Thu 8 Mar and Sat 17 Mar 2018

As part of Glasgow International Comedy Festival 2018

In the chilly if charming faded glamour of the Britannia Panopticon, Brandon Barrett begins the audience participation before the show when he asks three members of the audience to draw “something, anything – not too rude” on boards. In classic magician style these unseen doodlings will come into play later. That’s after Brandon has used cards, £10 notes, nails, a Stanley blade and loads of instances of making items disappear.

His magic talents are genuinely fun and impressive, with a wine bottle and even a glass being pulled out of thin air. “Do you like card tricks? You do now!” an audience member brought on stage is told, with the pack ultimately ending up thrown through the air as the original card is somehow grabbed. Whilst “nail in the face” feels slightly off, crude and rather pointless, the tricks take on a different edge during the “mentalisim section of the show”. Perception Without Awareness (PWA) is a neat summation of his seemingly impossible tricks, with the three unseen doodlings acting as a kind of mental lie detector.

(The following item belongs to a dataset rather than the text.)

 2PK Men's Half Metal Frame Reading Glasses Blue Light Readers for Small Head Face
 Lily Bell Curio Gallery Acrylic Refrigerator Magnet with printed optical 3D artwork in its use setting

Whilst his magic talents are endearing, Brandon’s comedic flair is somewhat mixed. Informing the audience that he is only fifteen years old, he is best when being lightly chiding and gently sarcastic (“Do you have any cuts on your hands?” he hopefully asks someone about to handle a cut open lemon). However, his swearing like a juvenile Malcolm Tucker feels jarring and forced, pushing proceedings into slightly uncomfortable waters. It’s a fine line between funny and insulting: the swearing sadly fails to tread this as it becomes a touch too caustic.

Bounding on and off stage and interacting confidently with the audience, Brandon overcomes some instances of the lighting and distance on stage obscuring what he is displaying with ease. The mic isn’t always used (which is strange as emphasis is placed on the ability of some people to hold it), leaving some asides difficult to pick up. Ultimately the show is a success; it’s just a shame his comedic style works against his magic skills at times as the latter are truly entertaining.